Politics on hold at the dedication of Bush library
JOSH LEDERMAN and JAMIE STENGLE Associated Press
4:29 PM, Apr 25, 2013
DALLAS (AP) - George W. Bush shed a sentimental tear. Barack Obama mused about the burdens of the office. Bill Clinton dished out wisecracks. Jimmy Carter and George H.W. Bush chimed in, too, on a rare day of harmony at the dedication of the younger Bush's presidential library that glossed over the hard edges and partisan divides of five presidencies spanning more than three tumultuous decades.
"To know the man is to like the man," Obama declared of his Republican predecessor, speaking Thursday before a crowd of 10,000 at an event that had the feel of a class reunion for the partisans who had powered the Bush administration from 2001 to 2009. Dick Cheney was there in a white cowboy hat. Condoleezza Rice gave shout-outs to visiting dignitaries. Colin Powell and Karl Rove were prominent faces in the crowd.
On this day, there was no mention of Iraq or Afghanistan, the wars that dominated Bush's presidency and so divided the nation. There were only gentle references to the aftermath of Hurricane Katrina. And praise aplenty for the resolve that Bush showed in responding to the 9/11 terror attacks.
Clinton joked that the dedication of the George W. Bush Presidential Center was "the latest, grandest example of the eternal struggle of former presidents to rewrite history." But he also praised Bush for including interactive exhibits at the center that invite visitors to make their own choices on major decisions that he faced.

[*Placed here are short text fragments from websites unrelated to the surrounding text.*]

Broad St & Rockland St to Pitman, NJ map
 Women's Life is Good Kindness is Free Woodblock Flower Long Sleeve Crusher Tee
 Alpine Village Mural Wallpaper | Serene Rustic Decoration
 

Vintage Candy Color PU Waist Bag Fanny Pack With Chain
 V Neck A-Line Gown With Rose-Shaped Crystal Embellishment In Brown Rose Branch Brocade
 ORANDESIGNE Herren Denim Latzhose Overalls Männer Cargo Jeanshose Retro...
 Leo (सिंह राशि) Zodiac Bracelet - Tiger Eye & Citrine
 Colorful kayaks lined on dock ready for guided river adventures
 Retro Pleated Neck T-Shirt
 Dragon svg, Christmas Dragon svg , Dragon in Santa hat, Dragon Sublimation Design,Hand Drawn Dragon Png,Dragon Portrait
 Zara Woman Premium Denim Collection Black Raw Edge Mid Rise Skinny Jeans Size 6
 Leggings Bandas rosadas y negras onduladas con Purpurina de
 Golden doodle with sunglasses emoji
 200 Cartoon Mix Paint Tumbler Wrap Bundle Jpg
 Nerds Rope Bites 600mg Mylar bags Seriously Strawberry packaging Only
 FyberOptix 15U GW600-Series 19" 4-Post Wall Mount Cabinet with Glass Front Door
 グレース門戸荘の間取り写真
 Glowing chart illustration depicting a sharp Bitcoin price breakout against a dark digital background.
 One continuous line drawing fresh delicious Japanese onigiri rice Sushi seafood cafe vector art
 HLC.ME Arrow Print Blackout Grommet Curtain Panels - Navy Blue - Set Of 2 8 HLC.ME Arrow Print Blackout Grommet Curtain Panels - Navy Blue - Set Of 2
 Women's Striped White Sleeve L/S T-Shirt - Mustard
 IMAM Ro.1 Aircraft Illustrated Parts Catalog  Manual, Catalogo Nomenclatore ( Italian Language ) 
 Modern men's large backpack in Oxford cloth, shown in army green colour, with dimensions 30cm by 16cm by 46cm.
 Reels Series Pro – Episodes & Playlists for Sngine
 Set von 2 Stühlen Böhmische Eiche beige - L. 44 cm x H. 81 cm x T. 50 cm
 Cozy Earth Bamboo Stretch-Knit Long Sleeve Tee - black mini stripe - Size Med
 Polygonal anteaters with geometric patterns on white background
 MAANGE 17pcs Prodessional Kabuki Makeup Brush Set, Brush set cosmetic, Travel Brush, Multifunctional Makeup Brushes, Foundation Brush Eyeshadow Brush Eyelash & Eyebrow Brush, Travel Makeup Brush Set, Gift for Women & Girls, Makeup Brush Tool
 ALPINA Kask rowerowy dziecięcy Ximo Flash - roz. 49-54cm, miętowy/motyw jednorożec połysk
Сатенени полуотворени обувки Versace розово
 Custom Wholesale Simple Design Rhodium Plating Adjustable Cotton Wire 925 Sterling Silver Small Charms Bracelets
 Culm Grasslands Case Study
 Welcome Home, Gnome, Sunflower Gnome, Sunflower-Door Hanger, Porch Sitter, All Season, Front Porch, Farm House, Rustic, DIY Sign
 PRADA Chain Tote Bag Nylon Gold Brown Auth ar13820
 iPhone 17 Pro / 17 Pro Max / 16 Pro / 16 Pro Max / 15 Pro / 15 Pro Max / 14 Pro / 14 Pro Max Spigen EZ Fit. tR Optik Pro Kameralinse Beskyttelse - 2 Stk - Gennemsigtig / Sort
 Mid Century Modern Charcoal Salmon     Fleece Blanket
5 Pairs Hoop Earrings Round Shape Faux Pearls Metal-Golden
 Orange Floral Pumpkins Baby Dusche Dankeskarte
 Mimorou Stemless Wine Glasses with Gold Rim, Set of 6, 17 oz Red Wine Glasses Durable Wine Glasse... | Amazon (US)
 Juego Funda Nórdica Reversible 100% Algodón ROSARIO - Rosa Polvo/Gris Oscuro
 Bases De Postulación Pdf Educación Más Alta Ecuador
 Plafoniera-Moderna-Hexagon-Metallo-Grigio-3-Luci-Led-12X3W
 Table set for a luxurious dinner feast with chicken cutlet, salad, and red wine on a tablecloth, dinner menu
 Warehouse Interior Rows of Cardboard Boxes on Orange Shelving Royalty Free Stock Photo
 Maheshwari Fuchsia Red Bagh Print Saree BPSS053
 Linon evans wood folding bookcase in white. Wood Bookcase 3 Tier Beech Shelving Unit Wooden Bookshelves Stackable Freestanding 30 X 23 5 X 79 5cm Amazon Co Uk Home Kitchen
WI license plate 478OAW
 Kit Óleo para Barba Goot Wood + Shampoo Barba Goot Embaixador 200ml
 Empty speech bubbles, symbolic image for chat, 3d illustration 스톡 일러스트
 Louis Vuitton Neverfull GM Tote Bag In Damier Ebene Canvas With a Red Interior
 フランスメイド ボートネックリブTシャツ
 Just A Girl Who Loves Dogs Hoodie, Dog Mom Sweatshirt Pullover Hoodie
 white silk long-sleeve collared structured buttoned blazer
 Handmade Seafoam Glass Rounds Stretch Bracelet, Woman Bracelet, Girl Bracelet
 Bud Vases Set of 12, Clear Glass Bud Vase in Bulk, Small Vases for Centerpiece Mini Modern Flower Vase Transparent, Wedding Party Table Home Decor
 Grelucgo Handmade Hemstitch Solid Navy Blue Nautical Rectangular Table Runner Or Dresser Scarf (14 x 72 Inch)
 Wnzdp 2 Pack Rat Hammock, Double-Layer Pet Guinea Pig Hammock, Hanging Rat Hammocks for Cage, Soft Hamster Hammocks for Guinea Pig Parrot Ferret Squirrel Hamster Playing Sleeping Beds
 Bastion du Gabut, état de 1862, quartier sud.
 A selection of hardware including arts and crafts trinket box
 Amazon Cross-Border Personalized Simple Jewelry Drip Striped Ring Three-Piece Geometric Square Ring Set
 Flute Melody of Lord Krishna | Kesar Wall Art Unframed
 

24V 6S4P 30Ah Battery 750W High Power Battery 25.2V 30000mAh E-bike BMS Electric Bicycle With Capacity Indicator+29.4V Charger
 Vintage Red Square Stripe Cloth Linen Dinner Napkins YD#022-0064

Bush, 66, made indirect reference to the polarizing decision points of his presidency, drawing a knowing laugh as he told the crowd: "One of the benefits of freedom is that people can disagree. It's fair to say I created plenty of opportunities to exercise that right."
He said he was guided throughout his presidency by a determination "to expand the reach of freedom."
"It wasn't always easy, and it certainly wasn't always popular."
It was a day for family and sentimentality, Bush choking up with emotion at the conclusion of his remarks.
The 43rd president singled out his 88-year-old father, another ex-president, to tell him: "41, it is awesome that you are here today."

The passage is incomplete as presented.